The U.S. State Department might consider opening Consular Agencies in Mexican Costcos.

That's all from me today.


----------



## ElPocho

Anonimo said:


> IMO, pink salt is pretty, and that's the only advantage over ordinary white salt. A Morelia friend has pink Himalayan Salt in a grinder on her dining room table. I think she bought it at the Morelia Costco. (I've seen it there.)


My bad, there is another pink salt. It's called cure #1. I do like that pink salt that you grind, I'm planning on taking that for high humidity areas. 

What I was referring to was the cure that you make Pastrami, sausages, bacon, smoked pork chops with. I also use it for Salmon before I cold smoke it. 

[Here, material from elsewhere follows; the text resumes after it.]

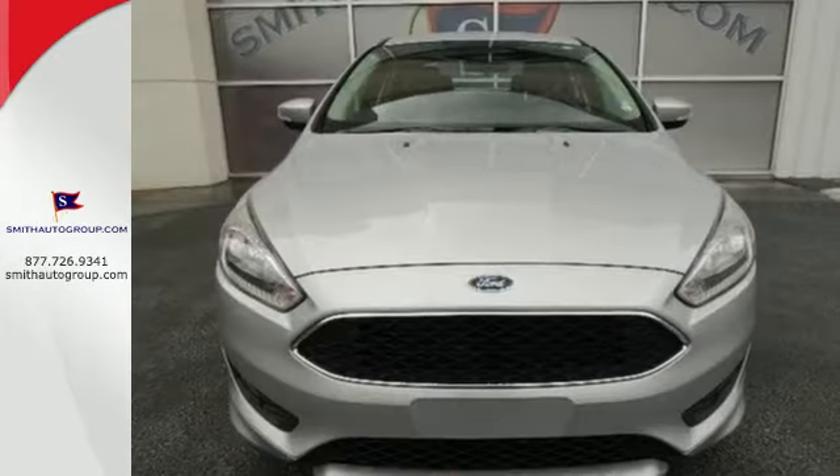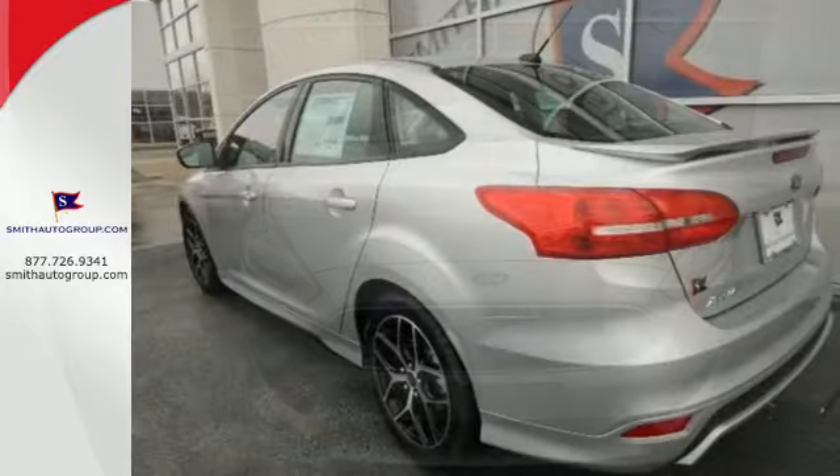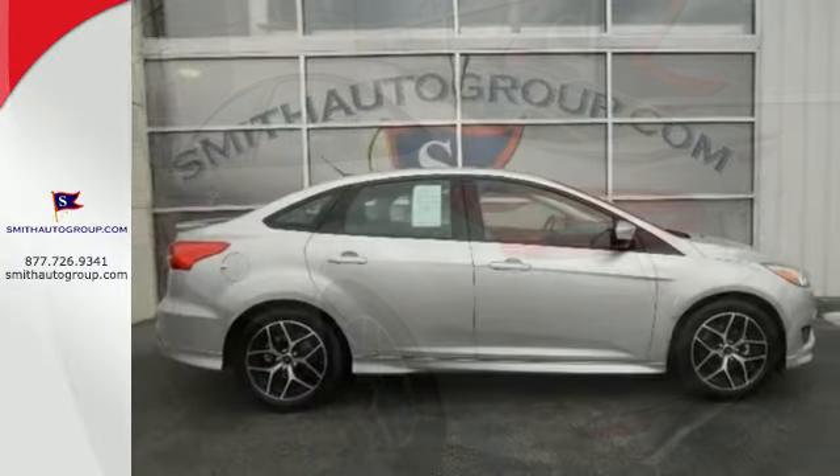Keyless entry, steering wheel audio controls, a backup camera, and Sync with MyFord voice activation make it easy. It was built to handle the exciting pace of your life.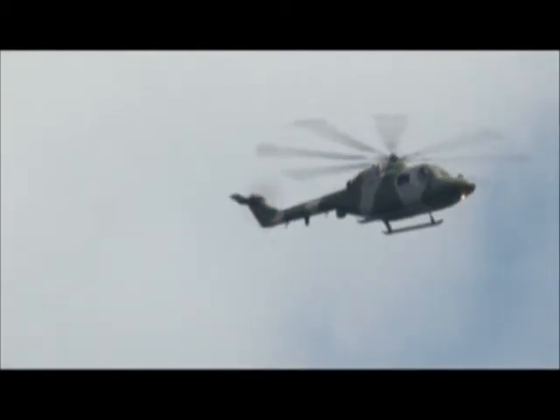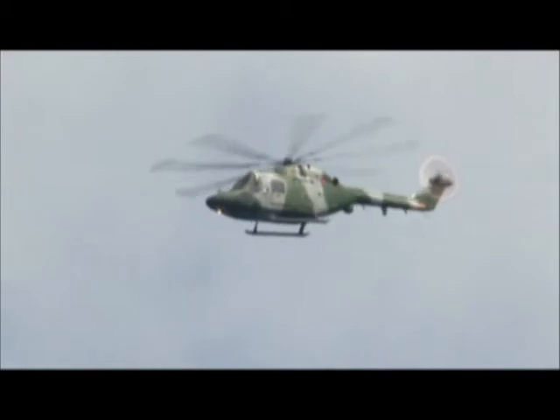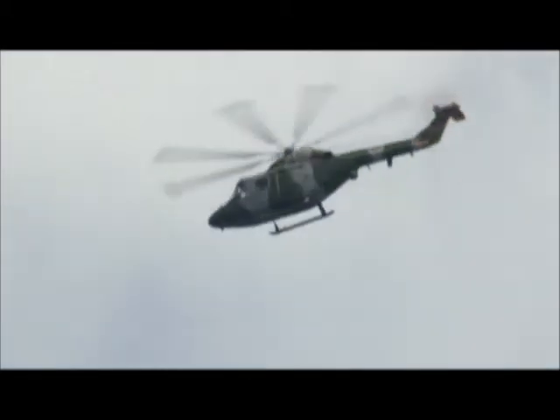The Lynx is the older of the types, but is still a capable machine. Its party piece is an unnatural manoeuvre for a helicopter — the backflip.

Sent from my Nexus 6 using Tapatalk


----------



## ElPocho

Anonimo said:


> Paprika is easy to find in Mexico. It's called "Pimentón". It even is available as sweet (dulce) or hot (picante). Some, usually a Spanish import, is smoked. Fantastic stuff. look for "Pimentón de la Vera". That's paprika from a designated region of Spain. You would find it in better shops catering to the gourmet trade. You probably won't find it in your local tienda de abarrotes (Mom 'n Pop little general store.)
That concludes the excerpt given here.